The district used “Yiddish language” as an excuse. Whole wings and floors of buildings were set aside and apart, with different teachers, different schedules, even a different janitor. The NAACP filed a complaint to the Federal Education Department’s Office of Civil Rights. Once again, years went by before the district’s practices were found to be outside of the law. The district has now agreed to a plan, but whether and to what extent they will comply has yet to be seen.

 

The veto is not an extra power of the state, just a way for it to exercise its power in real time, before damage is done.

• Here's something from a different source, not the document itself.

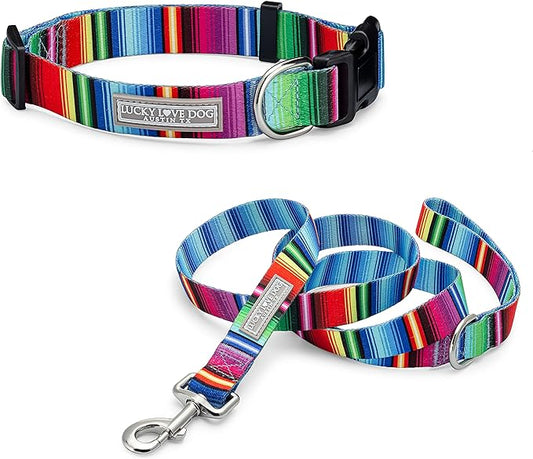 Lucky Love Dog Combo Set, Colorful Striped Dog Collar & Leash Set, Matching Collar and Leash for Small Girl or Boy Dogs, Nacho Combo, Small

Altogether, there have been almost 10 years of delays in correcting district actions. These actions have cost the district millions of dollars and have contributed to cuts in programs and a decline in the quality of education. Had there been a monitor with veto power, obviously illegal practices would never have happened.

 

The board has engaged in a practice of real estate decisions that have benefited private religious schools and harmed public education.

In 2008, a reorganization review process was flawed by incomplete collection of data on population and housing. The Mayor of the Village of Spring Valley appeared at hearings and testified that a $1 billion urban renewal project was currently underway, and that new housing starts would mean many more new enrollments in the district. He was ignored, and the district’s projections were low by 14%. Instead of declining, enrollment increased by over 1,000 students.

The board used the flawed study as an excuse to close and then sell two school buildings. The sales of the buildings continued even after the enrollment increased.

In July 2010 Hillcrest school was sold for $3.1 million to Yeshiva Avir Yaakov (YAY). An appraisal of $5.9 million had been obtained before receiving bids. A second appraisal for $3.2 million, by Avi Vardi of Appraisal Group International, was done after the bids were opened.

 

Community activists discovered that the second appraisal was a fraud. It misrepresented a “comparable sale” of a school which, in fact, never occurred. That sale was listed as “Comparable Sale #2” of a school building sold for $1.9 million, however, records from the Town of Ramapo indicate “land only”. The property documents indicate that it is a parking lot.

An investigation by the NY State Atty. General revealed that someone associated with YAY arranged for Vardi’s services in preparing the appraisal. Then, on July 16, 2010, a member of the East Ramapo Board emailed Vardi’s private cell number and other contact information to the Board’s attorney. Later that afternoon, that attorney hired Vardi to furnish his appraisal of the Hillcrest School to the District in time for a July 28, 2010, Board meeting.

 

The appraiser was found guilty of felony filing a false instrument. The Atty. General was unable to pursue the investigation into the role of the school board in obtaining the fraudulent appraisal because the school board sued the AG to prevent release of 1,300 documents, claiming attorney-client confidentiality. The case is still open.

The Commissioner of Education annulled the sale. However, the board leased the building to YAY. Commissioner King then annulled the lease. The board then sued the Commissioner, but lost. YAY occupied the building the entire time. An independent valuation of the property concluded it was worth $11.32 million. Its final sale price was $4.85 million.

 

While the Atty. General was still conducting an investigation of the previous sale, and while the financial monitor, Hank Greenberg, was conducting his investigation, they sold the school again to YAY.

The school board continues to claim that because it has gotten away with all of the above, that is proof that a monitor with veto power is not warranted. Senator Flanagan (so far) agrees with them. I believe that any reasonable, unbiased individual with full access to the facts will come to the opposite conclusion. It is exactly because the school board has been so successful in gaming the system that the appointment of a monitor with veto power is necessary.